Nicole Melanson ~
Linda Scheller’s Wind and Children is a considered curation of poems exploring the relationship between people and the landscape around them. I use the term “landscape” broadly because this is a collection that looks at not only geography, but environmental, social, and political framework as well. From earth that “smells sweet / like sheets washed in the river / and dried in the sun” to “the dirty sky above the parking lot” where “clouds move east carrying the rain we lack / to those who drown, cursing their surfeit”, these poems reflect self-awareness that extends far beyond the personal.
There’s a constant fiction between suspense and movement throughout Wind and Children. Scheller’s subject shifts from a teacher watching her students “hunched and silent / like a cloud of butterflies / forced to earth” to “the day after the Littleton massacre” when the speaker finds herself one of many pacing the schoolyard “clipboards tight against our chests” in the wake of students choking others, killing gophers, and menacing classmates with threats of future violence.
This dichotomy—of the teacher who simultaneously studies the world—plays out beyond the classroom too:
Papers corrected, tests graded, lessons created,
I prepare tomorrow’s lunch. I smile
at the bread, admire the beautiful knife.
The animals watch me. They understand
fragility. They sense fear. Perhaps
Elsewhere, the speaker encounters a girl who “may have been [her] student once” vomiting in a supermarket, and maintains an objective distance, only to criticize herself in the next poem, where that same distance becomes complicity, her inability to act after witnessing Islamaphobia offered as explanation to a student who asks “how the Holocaust could have happened”: “I sat in shocked silence. I sat and did nothing. / I said nothing. Nothing. I sat in silence and did nothing.”
The perspective shifts again in “Late Afternoon”, in which the speaker is a child watching her own mother in the kitchen, neatly paralleling the previous meal prep scene:
The light from the sunset
tinges the kitchen
red. The knife blade
flashes as my mother
repeatedly stabs the roast.
Scheller has a skillful use of syntax reminiscent of Ellen Bryant Voigt, with careful attention paid to not only line but stanza breaks in a way that gives individual phrases maximum punch, as in “New Year’s Day”:
Now the sheep are quartered two fields away,
and in the morning their calls
blend with the roosters. Wind,
when you stop stripping shingles
and toppling barns, speak to me,
teach me to fly.
This is a collection that’s not afraid to experiment with form, including several haiku amongst long poems and poems bordering on prose. Occasionally, I questioned indentations that had me looking for meter that didn’t exist, as in “Fifth Grade, Final Year”, but by and large, this is free verse that honors the spirit of each individual poem. Punctuation is equally variable, following convention in some pieces and dispensed with altogether elsewhere—again, prioritizing uniqueness of voice, rather than uniformity.

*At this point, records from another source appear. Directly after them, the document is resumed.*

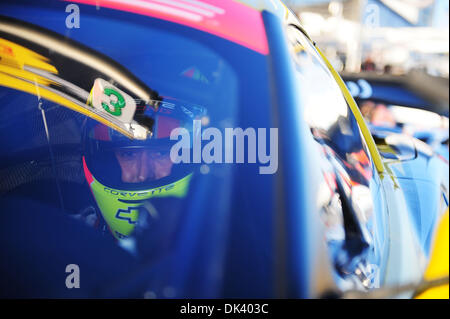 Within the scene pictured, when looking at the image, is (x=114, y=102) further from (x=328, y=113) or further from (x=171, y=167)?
(x=328, y=113)

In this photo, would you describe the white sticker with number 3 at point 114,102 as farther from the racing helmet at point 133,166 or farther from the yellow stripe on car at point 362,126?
the yellow stripe on car at point 362,126

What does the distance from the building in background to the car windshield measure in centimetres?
301

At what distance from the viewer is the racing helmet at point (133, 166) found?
2.48ft

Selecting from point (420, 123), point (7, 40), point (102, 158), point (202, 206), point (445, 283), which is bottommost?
point (445, 283)

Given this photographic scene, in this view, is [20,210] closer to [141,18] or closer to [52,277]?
[52,277]

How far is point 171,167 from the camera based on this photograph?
30.3 inches

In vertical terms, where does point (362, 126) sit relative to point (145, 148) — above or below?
above

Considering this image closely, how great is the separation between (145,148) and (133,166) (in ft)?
0.15

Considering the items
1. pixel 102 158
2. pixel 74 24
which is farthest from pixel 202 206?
pixel 74 24

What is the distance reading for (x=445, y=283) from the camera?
97 centimetres

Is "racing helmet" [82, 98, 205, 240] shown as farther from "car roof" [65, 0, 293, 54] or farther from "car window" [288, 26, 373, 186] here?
"car window" [288, 26, 373, 186]

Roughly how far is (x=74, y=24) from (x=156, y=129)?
32cm

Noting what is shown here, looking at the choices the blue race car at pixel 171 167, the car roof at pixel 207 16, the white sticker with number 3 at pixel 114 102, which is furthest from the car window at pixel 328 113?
the white sticker with number 3 at pixel 114 102

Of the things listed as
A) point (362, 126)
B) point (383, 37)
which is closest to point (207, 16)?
point (362, 126) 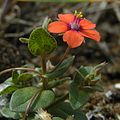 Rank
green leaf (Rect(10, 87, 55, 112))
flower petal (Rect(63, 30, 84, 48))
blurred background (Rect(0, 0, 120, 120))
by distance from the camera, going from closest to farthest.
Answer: flower petal (Rect(63, 30, 84, 48)) < green leaf (Rect(10, 87, 55, 112)) < blurred background (Rect(0, 0, 120, 120))

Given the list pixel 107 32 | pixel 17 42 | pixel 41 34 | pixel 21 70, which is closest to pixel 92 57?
pixel 107 32

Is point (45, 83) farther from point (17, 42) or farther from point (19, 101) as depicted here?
point (17, 42)

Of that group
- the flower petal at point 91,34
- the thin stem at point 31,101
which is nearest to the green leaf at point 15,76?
the thin stem at point 31,101

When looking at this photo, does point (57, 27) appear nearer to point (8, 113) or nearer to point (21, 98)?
point (21, 98)

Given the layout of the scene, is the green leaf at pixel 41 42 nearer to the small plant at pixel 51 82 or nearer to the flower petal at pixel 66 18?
the small plant at pixel 51 82

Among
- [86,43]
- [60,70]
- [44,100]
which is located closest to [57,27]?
[60,70]

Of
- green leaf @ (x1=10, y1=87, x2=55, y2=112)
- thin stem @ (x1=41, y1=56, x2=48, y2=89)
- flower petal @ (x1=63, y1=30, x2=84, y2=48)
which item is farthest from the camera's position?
thin stem @ (x1=41, y1=56, x2=48, y2=89)

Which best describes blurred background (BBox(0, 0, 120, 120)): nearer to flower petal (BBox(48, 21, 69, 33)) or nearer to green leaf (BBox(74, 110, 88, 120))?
green leaf (BBox(74, 110, 88, 120))

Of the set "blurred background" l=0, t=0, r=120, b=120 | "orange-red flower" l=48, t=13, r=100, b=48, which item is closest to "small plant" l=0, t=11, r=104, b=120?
"orange-red flower" l=48, t=13, r=100, b=48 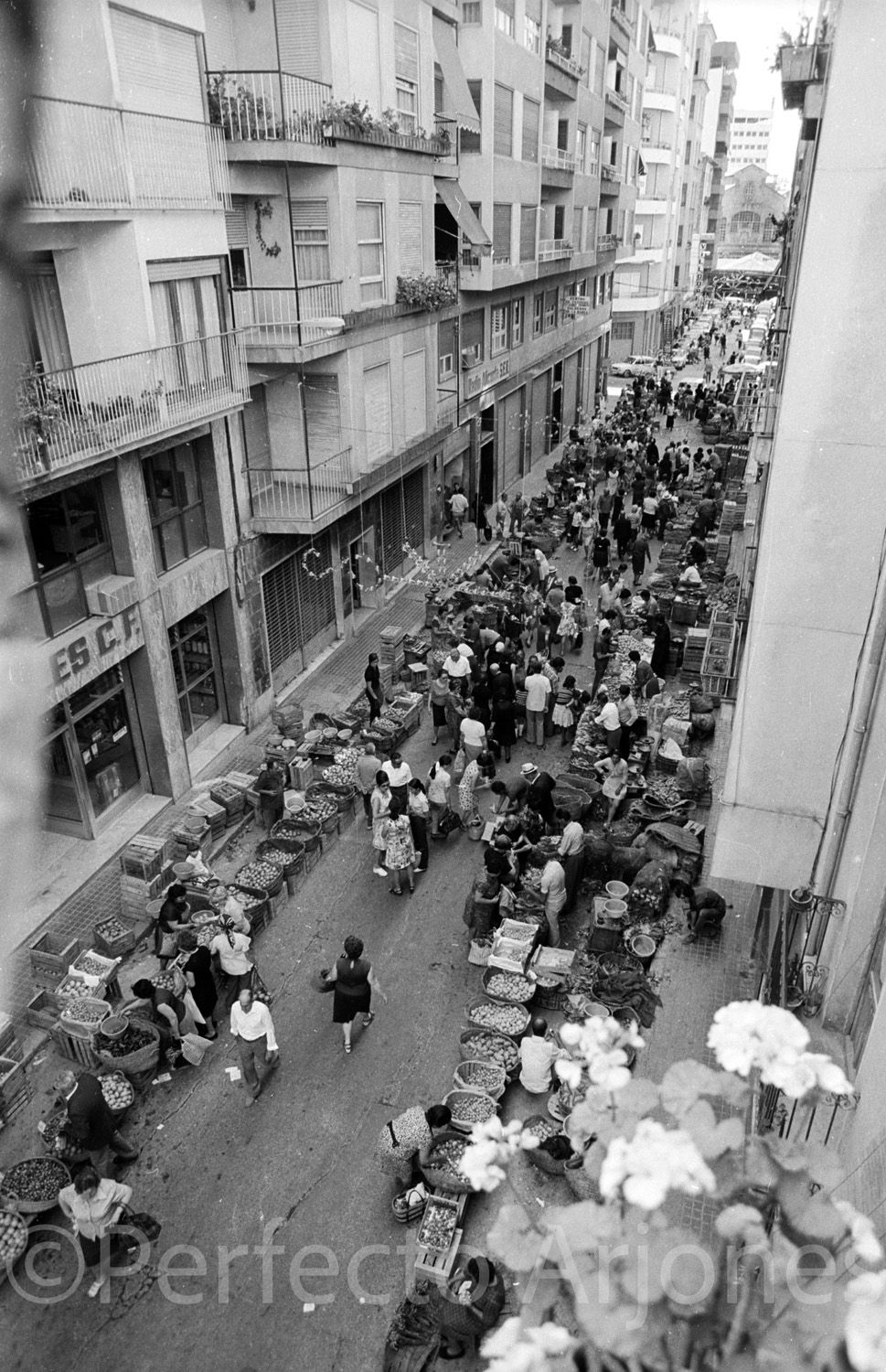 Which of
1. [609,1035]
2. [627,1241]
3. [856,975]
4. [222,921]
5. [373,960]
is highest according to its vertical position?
[609,1035]

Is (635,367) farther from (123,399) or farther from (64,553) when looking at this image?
(64,553)

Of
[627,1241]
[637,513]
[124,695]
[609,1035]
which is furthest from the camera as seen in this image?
[637,513]

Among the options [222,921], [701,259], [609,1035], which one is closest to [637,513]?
[222,921]

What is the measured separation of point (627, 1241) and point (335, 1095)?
7.68m

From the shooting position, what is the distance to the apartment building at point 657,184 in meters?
54.7

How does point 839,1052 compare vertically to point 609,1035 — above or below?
below

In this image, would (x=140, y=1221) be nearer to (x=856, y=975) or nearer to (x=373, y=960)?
(x=373, y=960)

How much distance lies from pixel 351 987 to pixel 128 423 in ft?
23.6

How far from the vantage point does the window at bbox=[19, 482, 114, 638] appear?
35.9 ft

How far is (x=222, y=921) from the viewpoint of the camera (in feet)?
34.0

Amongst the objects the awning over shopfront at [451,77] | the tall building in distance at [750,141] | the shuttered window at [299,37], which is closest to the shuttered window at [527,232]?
the awning over shopfront at [451,77]

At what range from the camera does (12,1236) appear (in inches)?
291

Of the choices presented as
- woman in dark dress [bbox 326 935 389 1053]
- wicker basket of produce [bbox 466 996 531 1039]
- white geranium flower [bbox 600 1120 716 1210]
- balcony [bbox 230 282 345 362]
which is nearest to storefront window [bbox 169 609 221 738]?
balcony [bbox 230 282 345 362]

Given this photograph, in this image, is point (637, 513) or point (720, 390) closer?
point (637, 513) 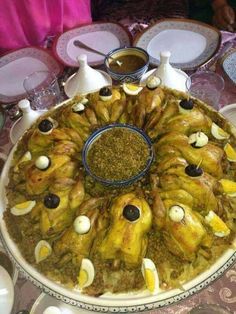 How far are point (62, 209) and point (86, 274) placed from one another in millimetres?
200

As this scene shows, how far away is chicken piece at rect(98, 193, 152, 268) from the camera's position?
3.66ft

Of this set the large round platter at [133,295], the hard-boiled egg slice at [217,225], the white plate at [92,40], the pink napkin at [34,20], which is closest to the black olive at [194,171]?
the hard-boiled egg slice at [217,225]

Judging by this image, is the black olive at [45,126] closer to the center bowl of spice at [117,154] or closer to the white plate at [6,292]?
the center bowl of spice at [117,154]

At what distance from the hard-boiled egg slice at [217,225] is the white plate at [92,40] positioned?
0.99m

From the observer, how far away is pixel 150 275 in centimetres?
112

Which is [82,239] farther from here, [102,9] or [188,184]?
[102,9]

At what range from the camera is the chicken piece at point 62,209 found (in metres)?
1.21

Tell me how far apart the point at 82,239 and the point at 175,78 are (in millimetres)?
797

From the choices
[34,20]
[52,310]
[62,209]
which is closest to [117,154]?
[62,209]

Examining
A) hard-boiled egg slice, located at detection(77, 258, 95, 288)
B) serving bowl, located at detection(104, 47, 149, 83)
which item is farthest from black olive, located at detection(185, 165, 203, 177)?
serving bowl, located at detection(104, 47, 149, 83)

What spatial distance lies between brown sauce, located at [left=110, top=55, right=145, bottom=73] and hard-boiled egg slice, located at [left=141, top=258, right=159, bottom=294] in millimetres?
864

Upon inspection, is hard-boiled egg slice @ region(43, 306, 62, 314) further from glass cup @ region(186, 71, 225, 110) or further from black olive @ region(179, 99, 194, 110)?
glass cup @ region(186, 71, 225, 110)

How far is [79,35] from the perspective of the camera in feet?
6.69

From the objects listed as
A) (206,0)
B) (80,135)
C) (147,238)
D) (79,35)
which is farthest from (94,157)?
(206,0)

Titles also varied widely, less successfully so for me. Some were intriguing and evocative: “A Gathering of Appliances” and “Signals in the Unclean House”. Others seemed a bit old-fashioned and bland: “Begin” and “Harvest”, for example.
Taken as a whole, Wind and Children is a quiet collection, potent precisely because of its restraint, rather than in spite of it. These poems are unsentimental musings that encourage thoughtful contemplation and repeat readings to reveal the rage and fear justifiably simmering beneath their surface.